=== DATA ===

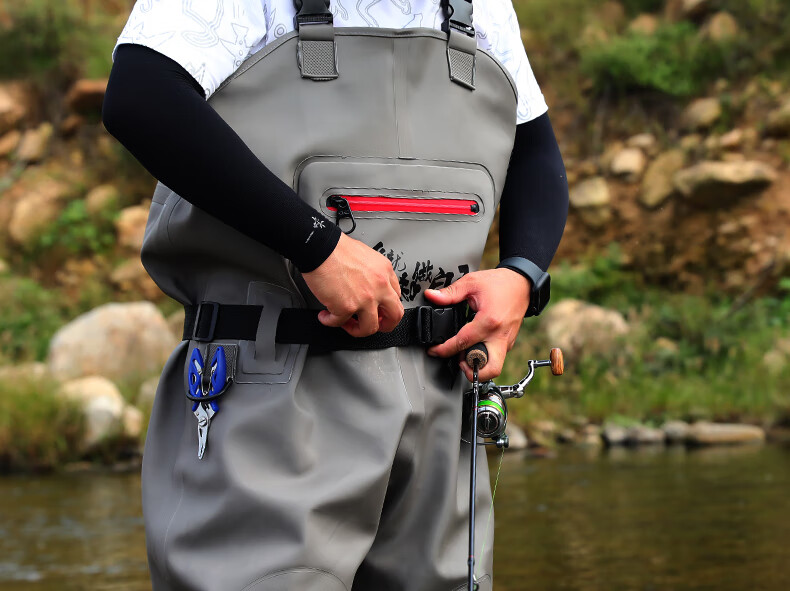 裤带雨鞋防水衣服水鞋半身连体男皮叉捕抓鱼全身加厚 一味下水裤至40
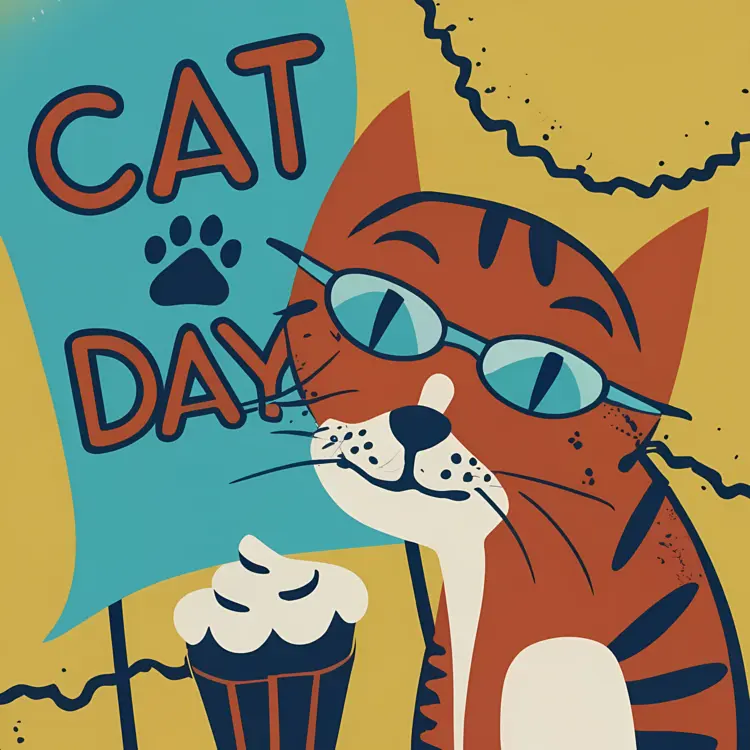 Cat Day with Sign and Cupcake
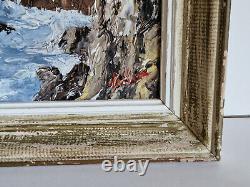 HSP huile sur panneau paysage marin signé encadré Marine tableau ancien mer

===

● INSTRUCTIONS TO FOLLOW
Restate word for word only the lines from the one with "Cat Day with Sign and Cupcake" through the last line of the material, both included. Any picture should be left out.

● PROBLEM SOLUTION
 Cat Day with Sign and Cupcake
 HSP huile sur panneau paysage marin signé encadré Marine tableau ancien mer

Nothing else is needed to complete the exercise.